Anti-trust Commissioner Neelie Kroes hailed the outcome of negotiations with Algerian authorities, concluded on 11 July, as “a major breakthrough in our relations with one of Europe’s most important suppliers for natural gas”. She said the move “eliminates an important obstacle for the creation of a single EU-wide market in gas”.

Until now, natural gas shipments from Algeria have been subject to profit-sharing and territorial-restriction agreements signed with Italian, Portuguese and Spanish energy firms, which have kept the gas from being sold into EU markets beyond the Mediterranean region.

Italian energy frim ENI, for example, had previously agreed with the state-sponsored Algerian energy giant Sonatrach to limit gas sales to within Italy’s borders.

This is not the first time that the Commission has intervened in such cases: ENI and the Austrian firm OMV were both obliged to delete restrictive clauses from their contracts with Russian natural gas supplier Gazprom (see Commission press releases for ENI in 2003 and OMV in 2005).
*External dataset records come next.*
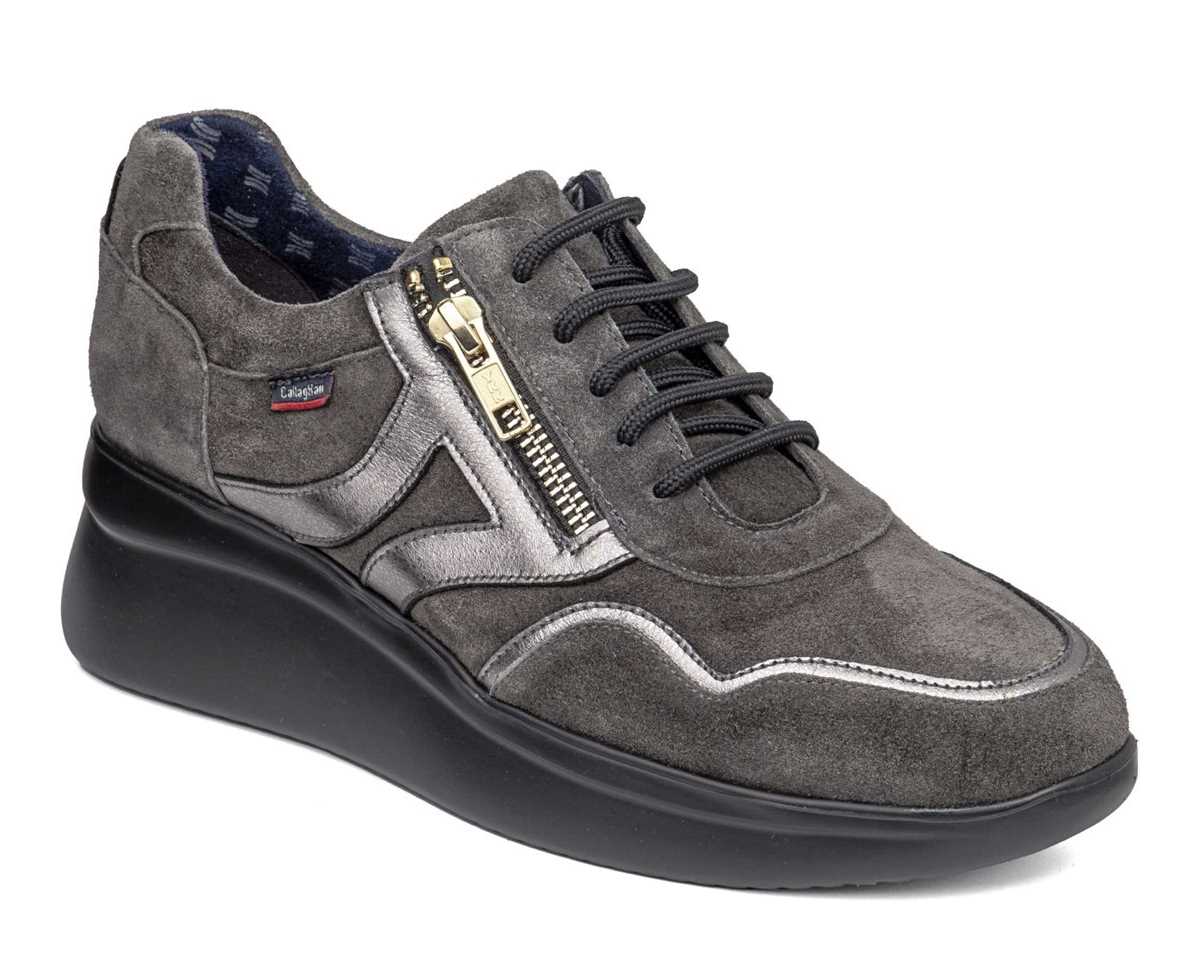 Callaghan 30008 Grey Wedge Sneakers with Zip & Lace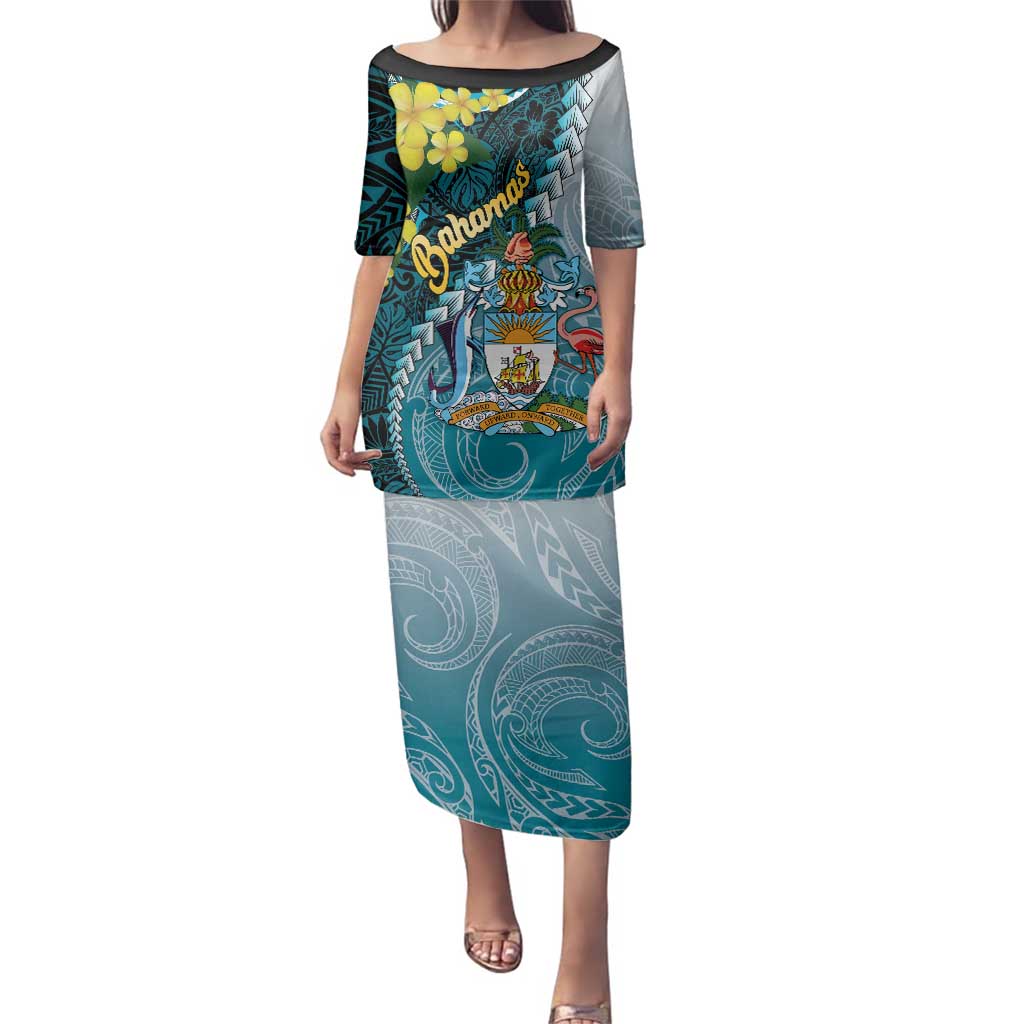 The Bahamas Family Matching Puletasi and Hawaiian Shirt Bahamian Buttercup Polynesian Pattern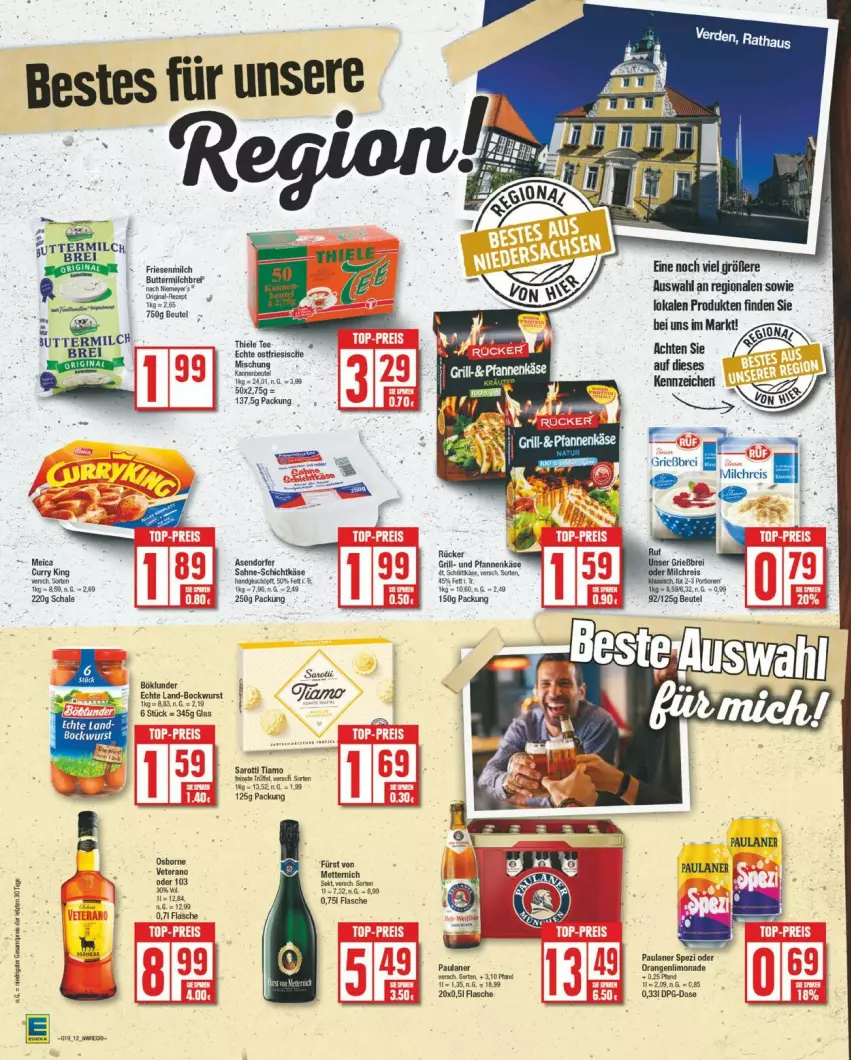 Aktueller Prospekt Edeka - Prospekte - von 06.05 bis 11.05.2024 - strona 12 - produkty: beutel, bockwurst, böklunder, flasche, fürst von metternich, grill, Käse, limo, limonade, Mett, metternich, milch, osborne, Paula, paulaner, pfanne, pfannen, pfannenkäse, sahne, saro, sarotti, Spezi, tee, Ti, Tiere, und pfanne, wurst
Meanwhile, Sonatrach and the Nigerian National Petroleum Corporation are planning the Trans-Saharan Gas Pipeline (TSGP), which will transport up to 30 billion cubic metres of Nigerian natural gas across more than 4300km of desert to EU markets, starting in 2015. 

At a 9 July conference in Brussels designed to attract partners and investors for the project, the TSGP was endorsed by Energy Commissioner Andris Piebalgs as a “promising supply source and route for the EU”.

The TSGP has been in the planning phase for some time but has never attracted enough attention as a viable venture. This is expected to change, however, since the EU is looking to a variety of producer nations to meet rising demand for natural gas, which is expected to increase by at least 1.7% annually over the next decades.